Introducing John to Dr Watson

Unsupervised Name Matching

Written by Philipp Warmer

In everyday life individuals are referred to by a variety of names. The used name largely depends on the context of the calling. A 'Dr. John H. Watson' might be referred to as 'John' in an intimate way - or by 'Dr. Watson' in a professional setting. Despite both name variants having nothing in common, they both refer to the same person. This is quite obvious to a human, however making this connection is challenging to the computer due to the lack of the given context.

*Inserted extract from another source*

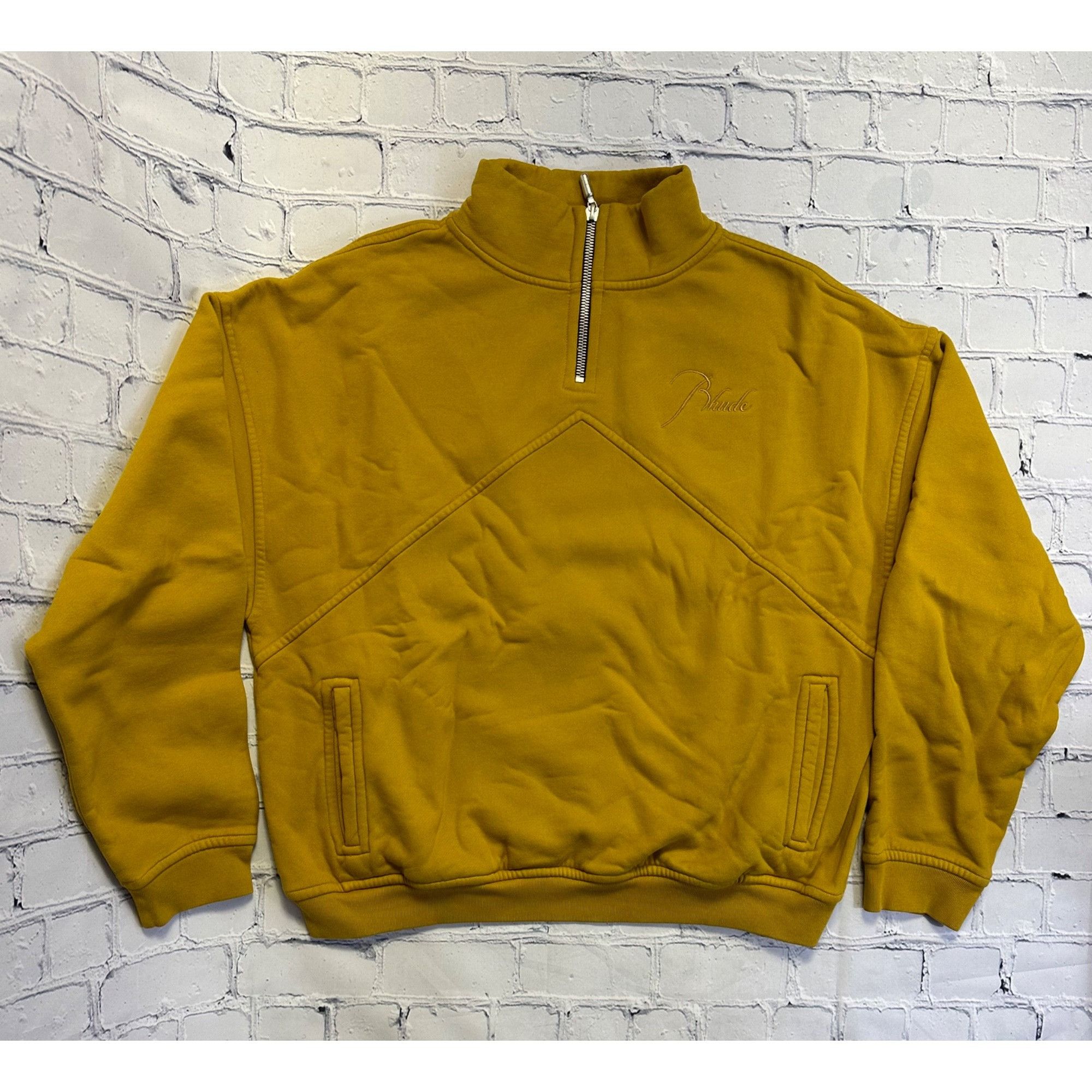 Image of Rhude Quater Zip Mustard Sweatshirt, Men's (Size Small)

Here we showcase an unsupervised workflow based on dirty-cat, spaCy and scikit-learn to determine the underlying name-groups of different name variants, or to say it in layman's terms, to explain the computer that both 'John' and 'Dr. Watson' both refer to the name-group 'Dr. John H. Watson'. This is done in 4 steps:

Extracting the names from the text
Based on the name similarities determine the number of name clusters
Using the number of clusters to determine meaningful name-groups
Assign each name to a name-group

Setting up the environment

Before we get started let's make sure we have all required libraries and the respective spaCy language model installed.

Package	Version
dirty-cat	0.2.0
en-core-web-sm	3.2.0
matplotlib	3.5.1
numpy	1.22.3
pandas	1.4.2
scikit-learn	1.0.2
seaborn	0.11.2
spacy	3.2.4

After installing spaCy the language model can be downloaded like this:

> python -m spacy download en_core_web_sm

Let’s load the required packages

Now that all the libraries are installed, let us import them. I ran all of the following code in Python 3.9.11.

import numpy as np
import spacy
import pandas as pd
import seaborn as sns
import matplotlib.pyplot as plt
from sklearn.cluster import AffinityPropagation
from dirty_cat import SimilarityEncoder, GapEncoder

If you can import all of the libraries without an error you are ready to go. Let's start!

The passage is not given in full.